Internet surfing on cellphones in emerging markets is booming. Why? It’s two-fold – traditional fixed-line telecom networks (still) sport poor infrastructure with low, stagnating penetration levels, and then there’s the need for rapid, low-cost dissemination of information among wanainchi.
Reduction in costs, increased bandwidth and improvements in browser technology have made it easier to browse the internet from a cellphone.
Falling costs of mobile handsets have increased accessibility by putting these devices within reach of mid and lower income households. Nokia has long banked on the rapid growth of mobile technology in Africa, which is why they now have such a large footprint in the continent, and part of the reason why they are the world’s largest manufacturer by sales.
In developed markets, “data and voice-optimized” smart-phones are used to browse the net on the go; in emerging markets, “voice-optimized” cellphones are now being used more often because of improvements in browser technology, such as file compression via servers en route to the handheld, that make it easier to browse the internet from a cellphone.

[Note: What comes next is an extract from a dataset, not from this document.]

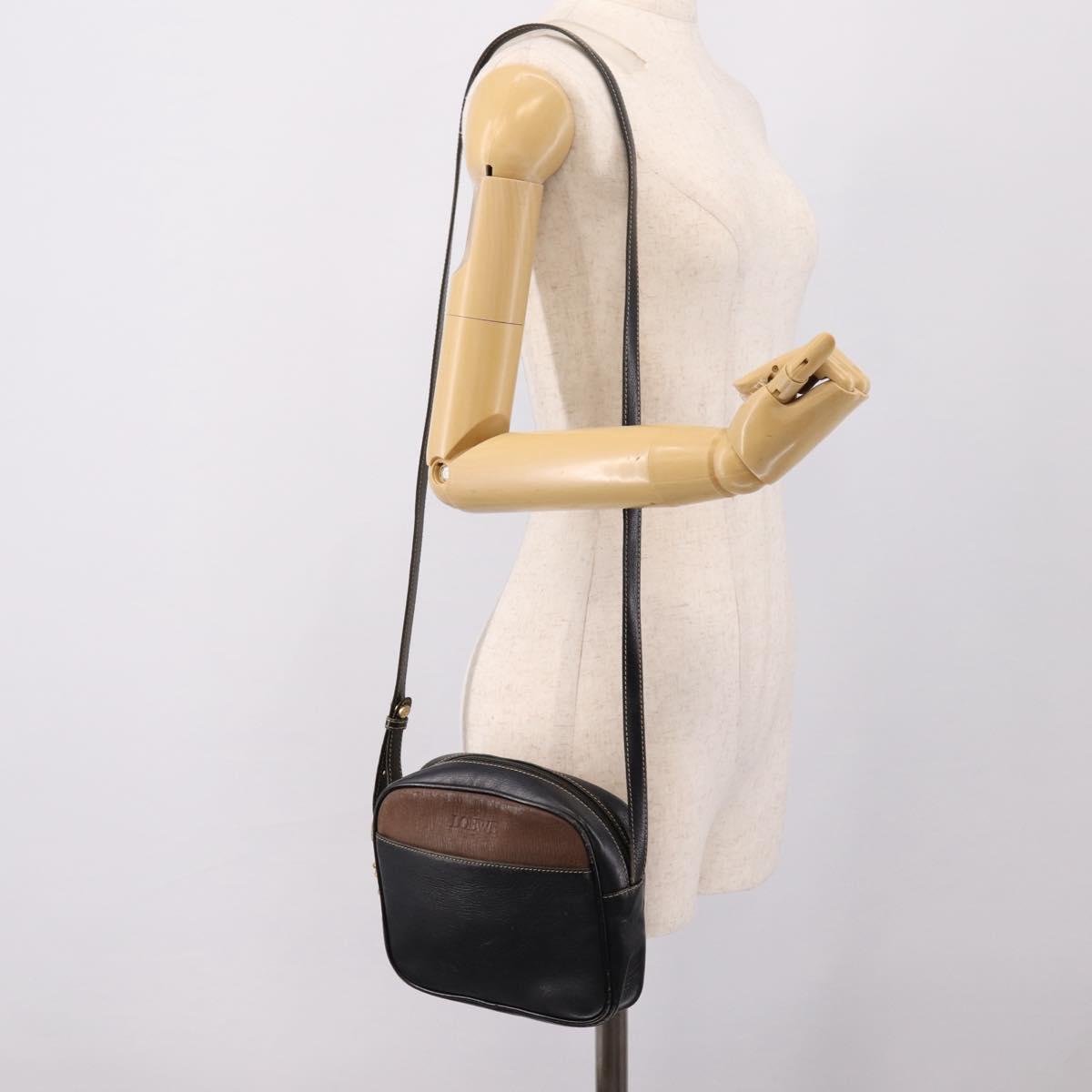 LOEWE Shoulder Bag Leather Black Gold Tone Auth 201277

African nations are also now really stacking up the bandwidth through various under-sea fibre optics projects such as TEAMS, EASSY and Seacom. Google Global Cache was also announced earlier this year to deal with the issue of slow internet in Africa. With all the ramped up advances in mobile technology development, fixed-line telcos are left to play catch-up.
Necessity really is the mother of invention. With adversity in the recent past throwing down the gauntlet at the continent, technology has arisen as a way to surmount these challenges through dissemination of crucial information to communities in the eye of the storm and concerned persons afar, harnessing this synergism through crowdsourcing. Ushahidi has deployments in Kenya and Congo. The mobile phone has emerged as a central platform for communicating this information through interactive text messaging, blogging, email collaboration and the use of other social networking services such as Twitter, Facebook and MySpace.
Africa is actually competing with Western Europe in mobile browsing! So what’s to be said for telecommunications in Africa? The future, at least for the short-term, is wireless.